The appearance of SRCCs varies according to severity of the disease at the time of diagnosis. As most of the cases were locally advanced or metastatic, almost all patients were symptomatic at the time of presentation.13 Typical signs and symptoms include flank or abdominal pain (present in 51% of symptomatic patients), hematuria (22–34.7%), weight loss (18–22.6%), fatigue (15%), fever (6–10.6%), night sweats (6–12.6%), and cough and/or dyspnea (6%).13 The main sites for distant metastasis were the lungs, bone, lymph nodes, liver and brain.9,13,14 In this case, there is no sign of metastasis.

SRCCs are frequently large (median 10 cm), usually seen as dense gray or white areas in the tumor architecture and look firm and fleshy when dissected. The presence of epithelial and sarcomatoid components is the typical microscopic finding of SRCCs. Compared to RCCs, the sarcomatoid part lacks recognizable epithelial components and histologically resembles pleomorphic sarcoma with abnormal and hypercellular spindle cells. These sarcomatoid differentiation regions can be either heterogenous or homogenous. Coagulative necrosis is usually observed in almost all SRCC cases while less than 50% have microvascular invasion.
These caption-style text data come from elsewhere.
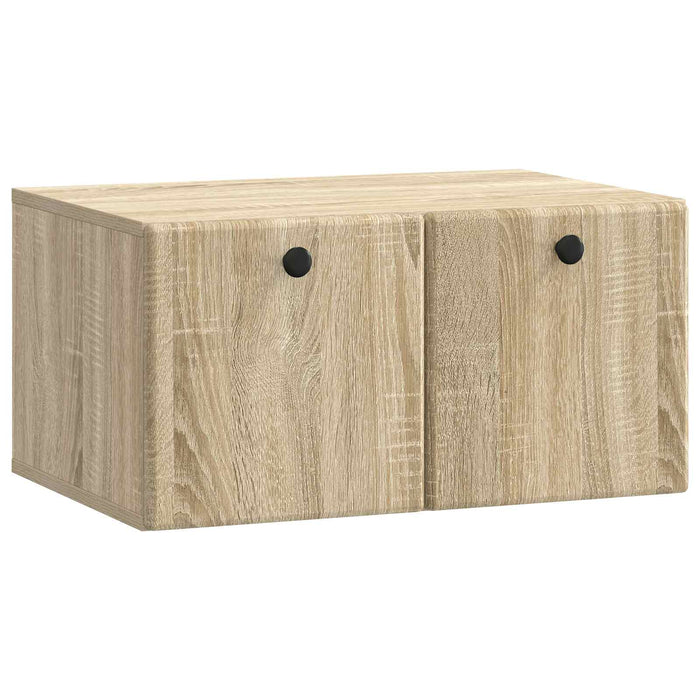 Oglindă TV montată pe perete Stejar Sonoma 59,5 x 41 x 30 cm - WALTI WALTI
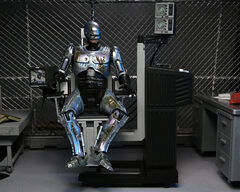 Фигурка NECA Robocop: Robocop Battle-Damaged w/ Chair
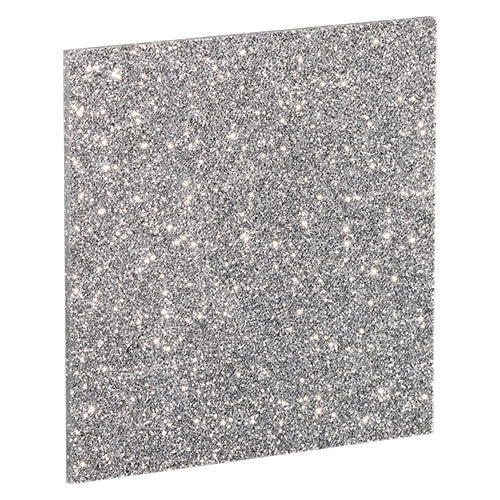 Silver Glitter Cast Acrylic
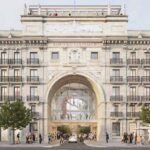 El arco de Faro Santander, en el Paseo de Pereda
About 15% of SRCC patients were observed to have rhabdoid characteristics.13 A 2016 WHO guideline stated that occurrence of sarcomatoid differentiation is adequate to diagnose RCC due to its distinct features.1

Surgical procedure is still the preferred treatment when diagnosed at early stage. However, preoperative imaging or biopsy are often uncertain as most cases are metastatic with systemic symptoms.13 A retrospective study involving the management of metastatic RCCs showed a better survival in patients who underwent cytoreductive surgery prior to systemic therapy than systemic therapy alone.15–17 The advancement in immunotherapies for RCCs has allowed for the discovery of exploratory biomarkers that could help in the treatment of SRCCs, although more research is required for a proven effective agent.13 In this case, it was an early stage tumor and thus the patient received surgery. The patient underwent left radical nephrectomy with wide perirenal excision and paraaortic lymph nodes resection.

SRCC prognostic factors include the scale of sarcomatoid parts, surgical stage, tumor size, and genetic factors. Furthermore, multiple studies have found that tumors with a high TNM (tumor node metastasis) stage are a poor predictor of survival. Another important prognostic factor is tumor necrosis. Tumors with increased necrosis in sarcomatoid areas have a lower survival rate, whereas the amount of histologic tumor necrosis has no effect on outcome. Tumor size may also play a role in prognosis, as it is an independent predictor of cancer-specific mortality.4

Conclusion

The scarcity of data on SRCCs emphasizes the need for ongoing research into the biology, diagnostics, and effective treatment options for patients with this disease, as responses to conventional therapies have been disappointing, leaving patients with few options. Cytoreductive nephrectomy for patients with SRCC who have metastatic disease is debatable, but some research suggests resection at any stage in patients with good performance status. In this case, radical nephrectomy was performed and there is no evidence of metastasis.